いまや株式市場の主役は、プログラムで売買するコンピューターや相場の流れに沿って取引するパッシブファンドで、かつての売り買いの主役だった銀行やブローカーは退いてしまった。その結果、いまの株式市場は、コンピューターが買い始めたら、皆が買い、売り始めれば、皆が売るという構造になったという。

「機械やモデル取引が株価の動くマグニチュード、スピードを激しくしている。人間はこんなに速く、荒々しく反応しない」と、記事はEagle’s View Asset Managementを運営するニール・バーガー氏の言葉を紹介している。もはや株価は、トレーダーの手が及ばないコンピュータの”群集心理”が決めているようだ。

「一斉売り」あるいは「一斉買い」に走りやすいようになった株式市場。売り買いのきっかけは、経済の実勢(ファンダメンタルズ)なのだろうが、たとえば、景気の落ち込みの程度が株価に100ドル下落程度反映すれば適度な調整なのに、コンピュータ取引が500ドルまで下落させてしまう、そんな風に株式市場が変わったということだろう。

その場合、経済の実勢に合わせて、株価は値を戻すのか。戻したとしても、その期間が長ければ、今度は下落した株価そのものが経済実勢にマイナスの影響を及ぼす。

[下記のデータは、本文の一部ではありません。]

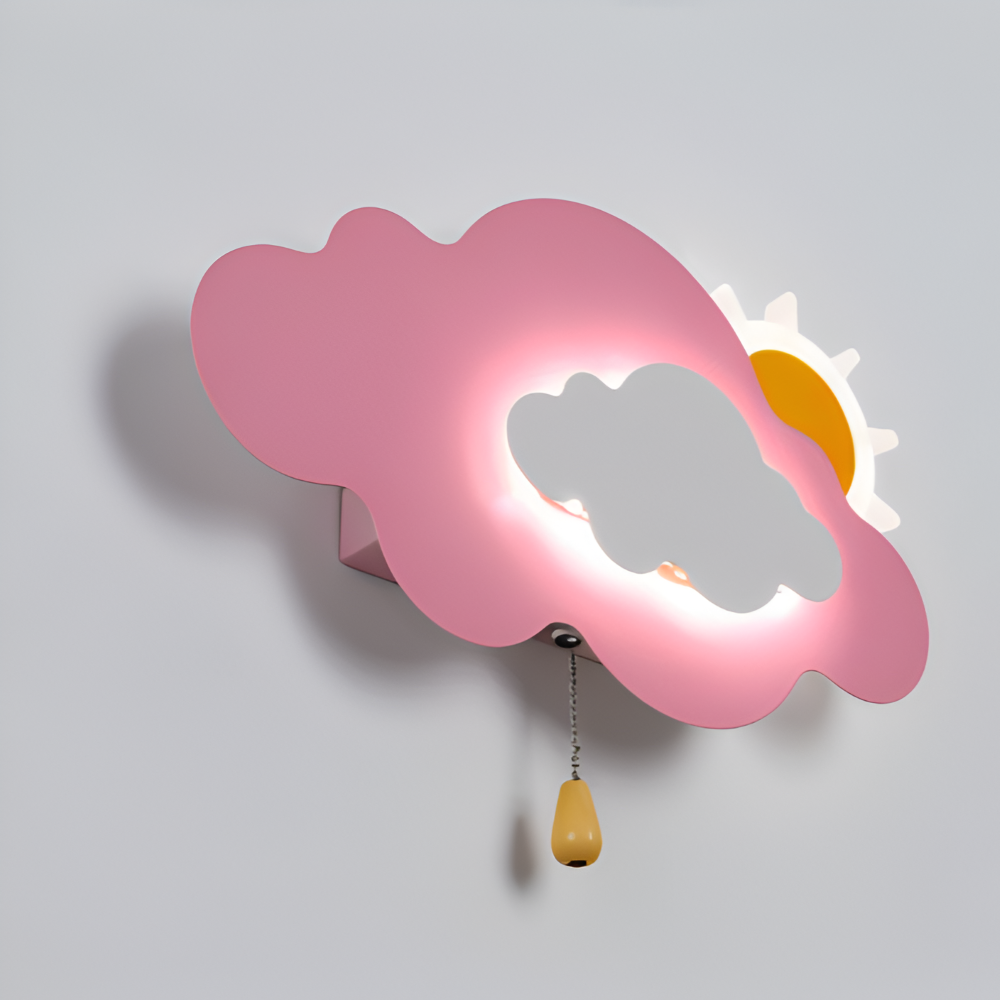 DreamyFloat Wandleuchte - Lebendige Wolken und Sonne LED Wandlampe - Kinderzimmerbeleuchtung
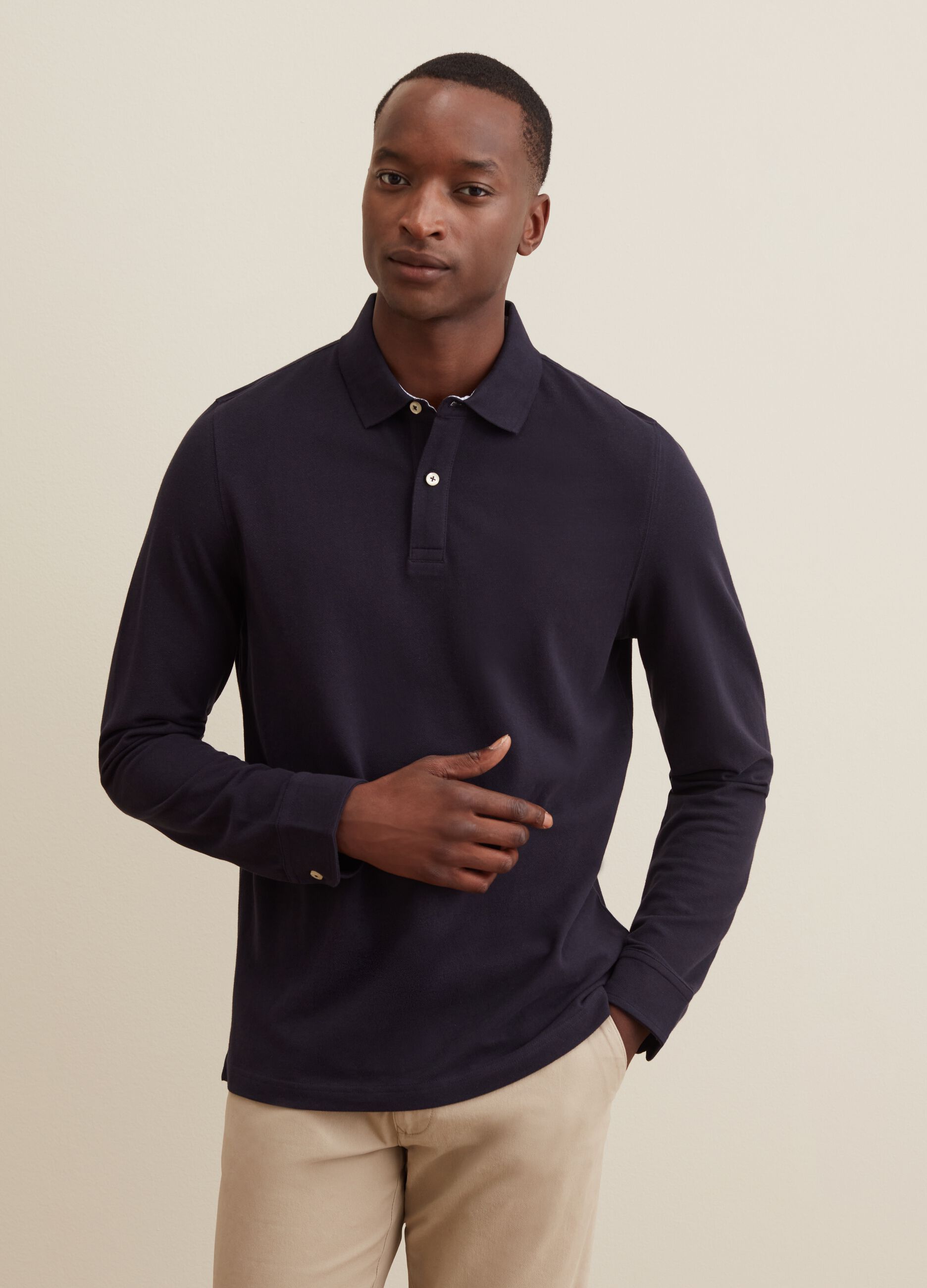 Cotton polo shirt with long sleeves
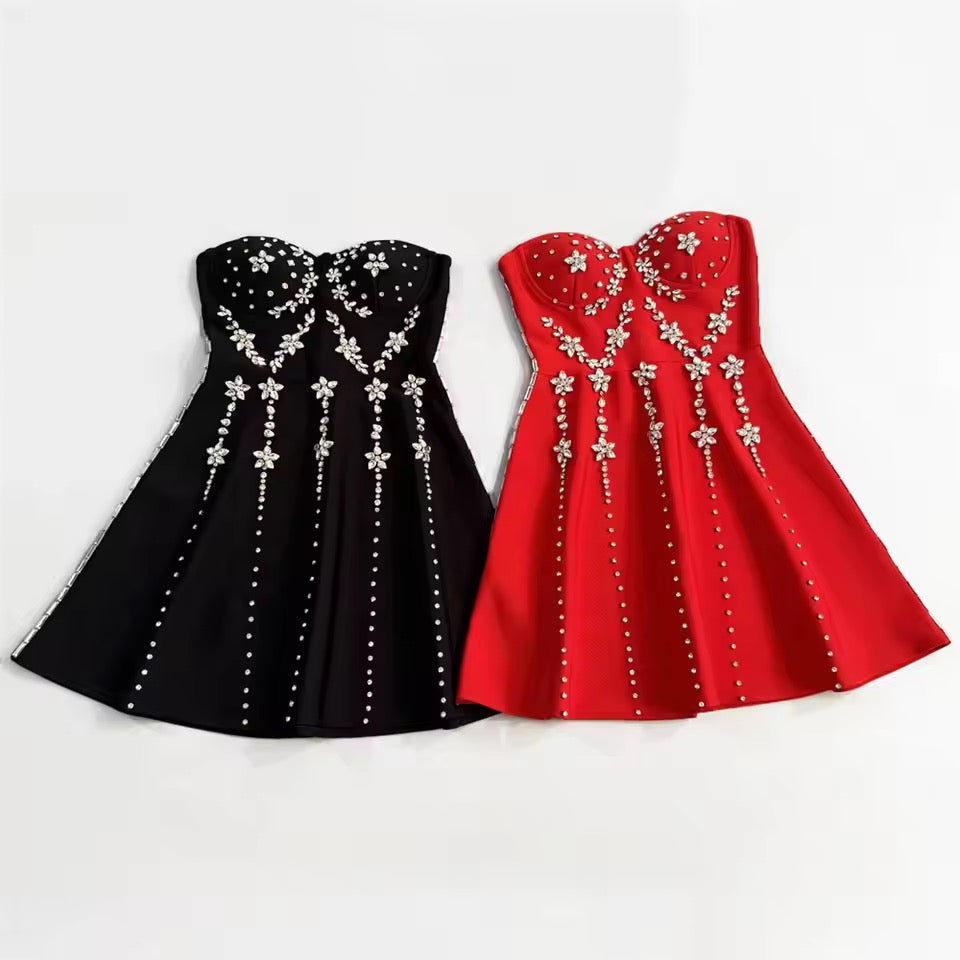Embellished Strapless Bandage Dress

Wall Streetの記事は、「一斉売り」症状の最近の株式市場を最もうまく言い表すならば「グローバル経済のトラブルというよりも金融市場のトラブル」と伝えている。静的に見ればその通りだが、動的に見れば、たとえ、金融市場の反応が誤っていたとしても、それが経済にトラブルを起こさせる可能性もありそうだ。